■ PROBLEM TO WORK ON
Only the number is requested. Tally the lines of the data that hold the string "Alamy".

■ MATERIAL FOR THIS TASK
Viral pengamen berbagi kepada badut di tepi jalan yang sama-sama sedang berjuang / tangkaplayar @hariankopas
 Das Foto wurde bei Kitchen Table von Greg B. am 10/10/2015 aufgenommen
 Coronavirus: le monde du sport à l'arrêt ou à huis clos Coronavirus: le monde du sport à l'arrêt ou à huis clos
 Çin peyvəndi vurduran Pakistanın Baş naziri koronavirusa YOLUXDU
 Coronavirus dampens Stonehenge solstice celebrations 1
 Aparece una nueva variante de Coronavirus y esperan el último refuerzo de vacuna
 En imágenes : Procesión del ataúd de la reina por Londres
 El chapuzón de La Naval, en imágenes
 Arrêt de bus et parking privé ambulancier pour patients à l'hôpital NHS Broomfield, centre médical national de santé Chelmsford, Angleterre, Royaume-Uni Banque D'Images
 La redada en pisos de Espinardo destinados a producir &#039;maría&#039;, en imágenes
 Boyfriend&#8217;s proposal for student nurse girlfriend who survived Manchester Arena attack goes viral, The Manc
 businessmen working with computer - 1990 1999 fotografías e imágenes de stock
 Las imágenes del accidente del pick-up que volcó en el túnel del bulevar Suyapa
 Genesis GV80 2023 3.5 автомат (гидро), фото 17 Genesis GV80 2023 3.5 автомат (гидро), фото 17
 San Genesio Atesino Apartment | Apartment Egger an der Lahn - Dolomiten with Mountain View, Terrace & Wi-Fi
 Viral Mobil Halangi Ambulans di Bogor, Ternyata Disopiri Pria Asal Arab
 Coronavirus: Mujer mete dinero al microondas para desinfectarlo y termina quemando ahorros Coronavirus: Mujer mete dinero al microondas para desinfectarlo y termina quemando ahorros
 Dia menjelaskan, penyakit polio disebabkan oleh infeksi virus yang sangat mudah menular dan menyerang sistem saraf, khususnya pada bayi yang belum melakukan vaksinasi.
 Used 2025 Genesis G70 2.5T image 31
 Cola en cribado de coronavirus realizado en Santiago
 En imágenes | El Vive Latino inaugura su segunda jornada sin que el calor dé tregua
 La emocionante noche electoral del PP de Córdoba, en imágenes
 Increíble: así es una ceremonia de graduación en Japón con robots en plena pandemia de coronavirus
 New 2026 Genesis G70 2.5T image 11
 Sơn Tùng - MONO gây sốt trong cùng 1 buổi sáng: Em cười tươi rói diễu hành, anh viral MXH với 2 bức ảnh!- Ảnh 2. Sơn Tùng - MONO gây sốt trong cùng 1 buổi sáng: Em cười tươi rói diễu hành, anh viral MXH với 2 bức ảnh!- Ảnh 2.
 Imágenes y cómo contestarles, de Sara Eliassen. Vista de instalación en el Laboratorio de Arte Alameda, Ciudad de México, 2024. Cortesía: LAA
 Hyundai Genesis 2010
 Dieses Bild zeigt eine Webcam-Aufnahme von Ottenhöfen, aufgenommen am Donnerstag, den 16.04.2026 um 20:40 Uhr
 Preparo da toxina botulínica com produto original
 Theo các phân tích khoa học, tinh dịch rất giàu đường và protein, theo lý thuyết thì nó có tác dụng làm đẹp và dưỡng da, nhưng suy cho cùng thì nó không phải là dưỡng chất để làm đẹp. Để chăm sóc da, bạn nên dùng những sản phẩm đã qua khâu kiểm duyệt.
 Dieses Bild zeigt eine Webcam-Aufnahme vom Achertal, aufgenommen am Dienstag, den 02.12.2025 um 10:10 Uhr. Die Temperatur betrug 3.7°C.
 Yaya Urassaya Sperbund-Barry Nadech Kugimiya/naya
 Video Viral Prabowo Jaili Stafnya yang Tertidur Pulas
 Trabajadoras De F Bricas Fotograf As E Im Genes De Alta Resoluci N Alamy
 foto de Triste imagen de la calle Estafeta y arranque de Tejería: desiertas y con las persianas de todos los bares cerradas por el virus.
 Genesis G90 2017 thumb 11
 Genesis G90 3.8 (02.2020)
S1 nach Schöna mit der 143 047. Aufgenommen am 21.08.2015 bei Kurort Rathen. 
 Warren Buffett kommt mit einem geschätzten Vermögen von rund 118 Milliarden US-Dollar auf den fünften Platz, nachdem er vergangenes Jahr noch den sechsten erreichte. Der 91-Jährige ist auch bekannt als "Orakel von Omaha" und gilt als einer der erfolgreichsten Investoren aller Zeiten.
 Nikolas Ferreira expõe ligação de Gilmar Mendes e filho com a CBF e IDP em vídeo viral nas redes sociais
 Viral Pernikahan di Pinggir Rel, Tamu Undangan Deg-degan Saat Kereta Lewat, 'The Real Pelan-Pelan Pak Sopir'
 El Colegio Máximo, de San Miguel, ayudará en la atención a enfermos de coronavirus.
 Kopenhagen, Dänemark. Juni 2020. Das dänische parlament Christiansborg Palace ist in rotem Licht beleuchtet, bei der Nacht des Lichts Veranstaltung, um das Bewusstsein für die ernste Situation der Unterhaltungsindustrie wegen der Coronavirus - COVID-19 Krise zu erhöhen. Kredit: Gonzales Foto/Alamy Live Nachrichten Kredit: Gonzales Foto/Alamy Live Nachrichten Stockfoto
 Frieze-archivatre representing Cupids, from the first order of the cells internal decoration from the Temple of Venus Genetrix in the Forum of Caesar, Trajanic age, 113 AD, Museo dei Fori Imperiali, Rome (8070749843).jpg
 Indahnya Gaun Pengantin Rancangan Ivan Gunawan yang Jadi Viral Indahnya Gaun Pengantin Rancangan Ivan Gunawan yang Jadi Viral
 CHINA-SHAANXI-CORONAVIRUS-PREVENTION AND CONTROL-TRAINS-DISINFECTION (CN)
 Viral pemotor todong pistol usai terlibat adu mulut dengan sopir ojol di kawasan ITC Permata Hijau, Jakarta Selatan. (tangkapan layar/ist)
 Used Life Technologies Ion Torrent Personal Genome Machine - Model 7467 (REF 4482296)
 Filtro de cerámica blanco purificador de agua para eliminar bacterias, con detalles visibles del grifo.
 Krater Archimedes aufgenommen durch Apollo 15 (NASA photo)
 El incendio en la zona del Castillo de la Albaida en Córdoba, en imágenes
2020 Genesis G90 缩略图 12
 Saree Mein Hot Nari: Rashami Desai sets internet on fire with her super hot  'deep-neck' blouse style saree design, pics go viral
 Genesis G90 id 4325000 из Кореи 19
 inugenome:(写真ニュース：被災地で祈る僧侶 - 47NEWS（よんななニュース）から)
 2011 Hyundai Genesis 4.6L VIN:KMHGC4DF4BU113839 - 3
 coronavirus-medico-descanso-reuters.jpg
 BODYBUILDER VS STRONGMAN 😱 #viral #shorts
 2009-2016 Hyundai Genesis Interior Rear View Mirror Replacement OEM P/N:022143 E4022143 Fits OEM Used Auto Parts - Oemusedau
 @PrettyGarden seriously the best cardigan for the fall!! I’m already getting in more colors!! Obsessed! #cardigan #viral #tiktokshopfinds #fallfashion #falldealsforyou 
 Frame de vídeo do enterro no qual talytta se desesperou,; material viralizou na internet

■ ANSWER FOR THE TASK
2